96% of these grads are accepted to two- or four-year colleges
The motto of the Cristo Rey Network of high schools is Schools That Work. The dictum pays tribute to the schools’ success at graduating at-risk urban youth and its innovative work-study program, which places students in entry-level, corporate jobs to help them finance their private-school tuition. With graduation rates near 100% and 96% of students accepted to two- or four-year colleges, there is no question the schools work.
In 1996, Jesuit priest Father John Foley founded Cristo Rey Jesuit High School in Chicago’s Pilsen/Little Village neighborhood. The school set out to provide the best college preparatory education available to at-risk youth with limited educational options. Father Foley soon realized, however, that donations alone couldn’t fund the school and a creative financing solution was necessary. Partnering with area business leaders, Father Foley developed the work-study program, which requires students work five days a month at a job to help underwrite the cost of their education while benefiting from exposure to professional careers.
The school opened its doors to 79 students, and the McGowan Fund was supportive of Cristo Rey from those earliest days, awarding its very first grant to the school. Today, the school has grown to 535 students (with a long waiting list) and more than 80 percent of Cristo Rey graduates are currently attending or have already completed college.

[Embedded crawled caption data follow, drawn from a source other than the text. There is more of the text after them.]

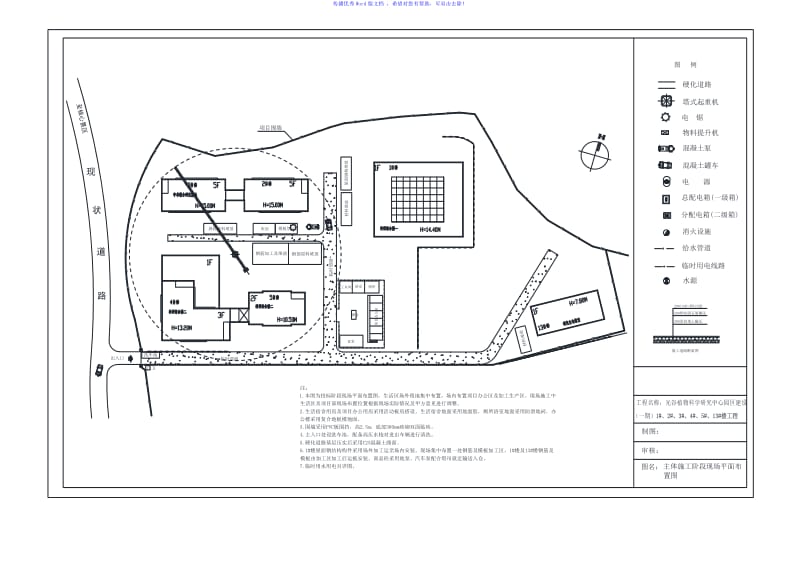 现场施工总平面布置图word版.doc_第2页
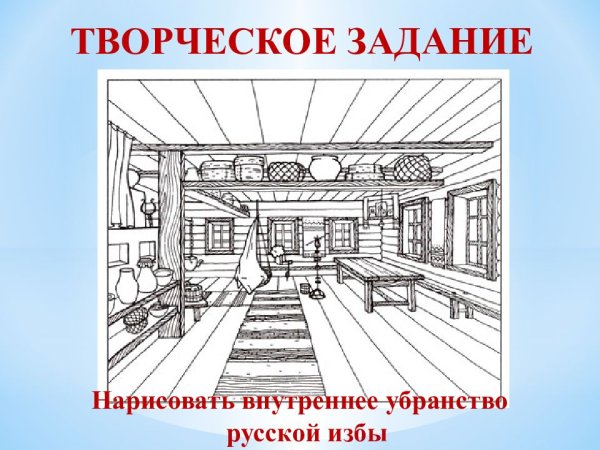 Внутреннее убранство русской избы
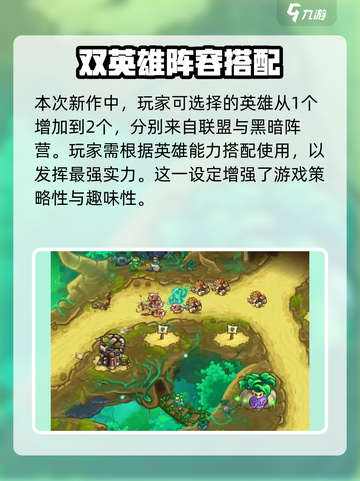 王国保卫战5联盟试玩怎么样介绍截图5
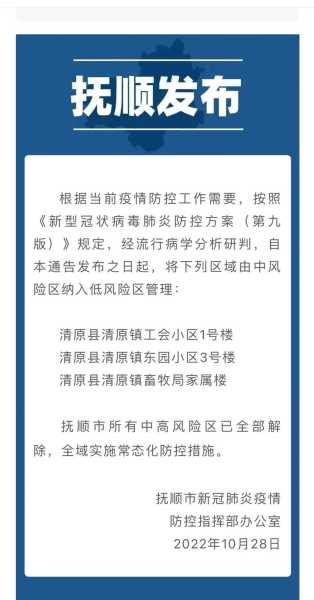 辽宁抚顺疫情最新数据消息，辽宁抚顺疫情最新情况发布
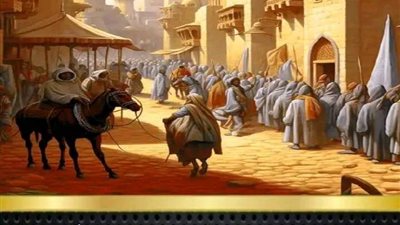 حكاية التاجر البخيل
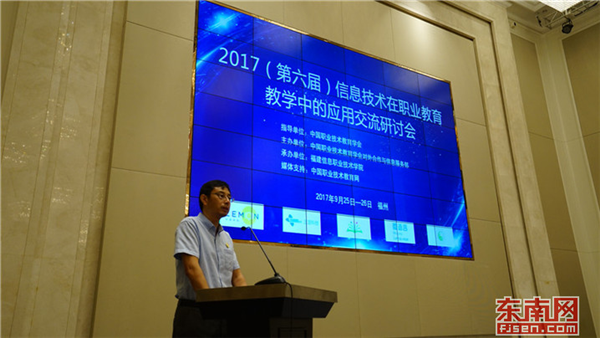 全国职业教育专家在闽交流信息技术教学应用
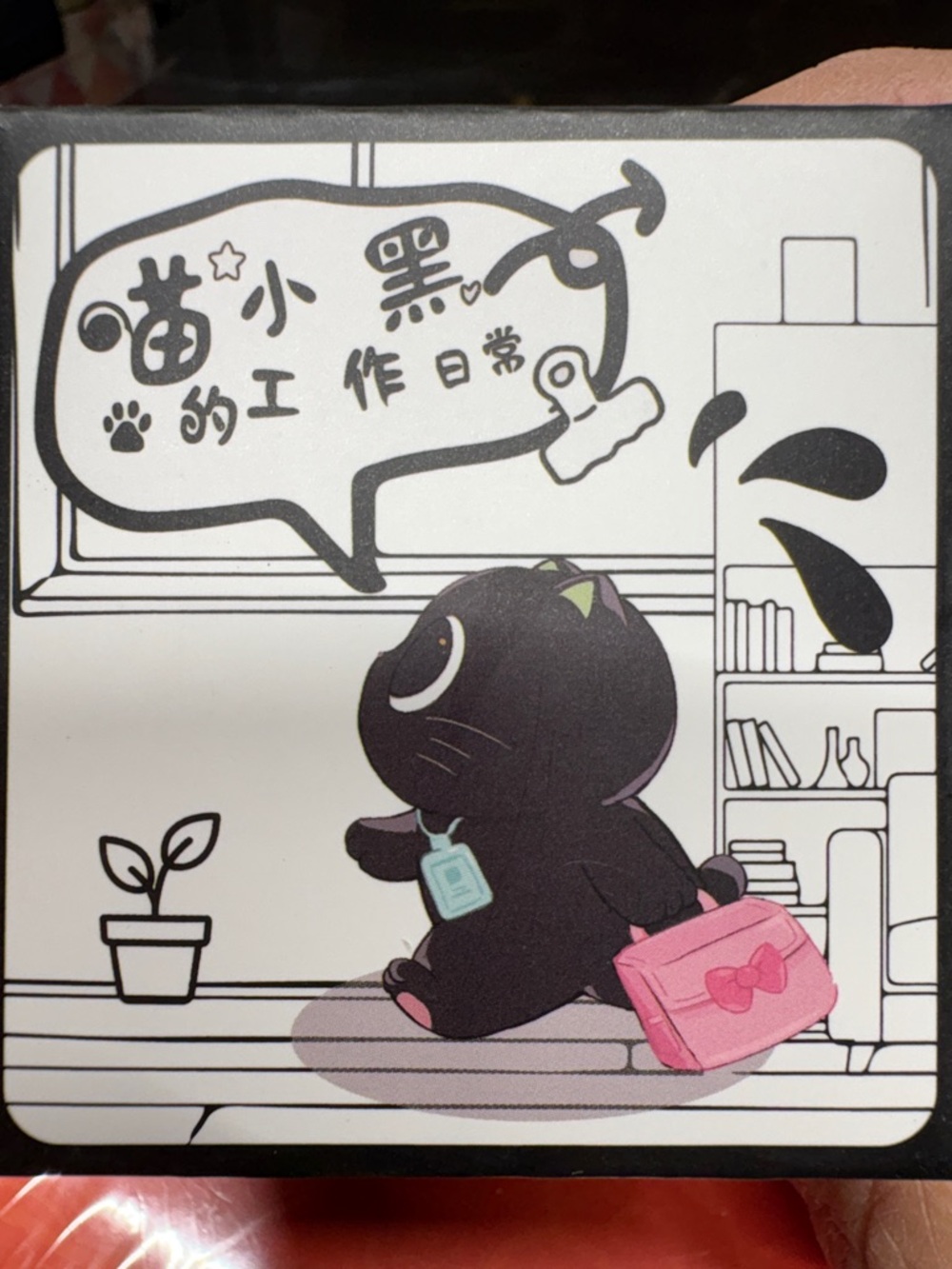 Little Black’s daily work routine blind box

From that first school grew the Cristo Rey Network, a coalition of 24 Jesuit college preparatory high schools across the country—all committed to serving underprivileged youth. Over the years, the McGowan Fund has been a consistent supporter of Cristo Rey Schools, and over the past three years the Fund provided $125,000 to three schools in Chicago, Kansas City, and Washington, DC. The Cristo Rey belief in opportunity through education, coupled with its innovative educational model truly embodies the spirit of William G. McGowan, while its proven success reflects the aspiration of the McGowan Fund.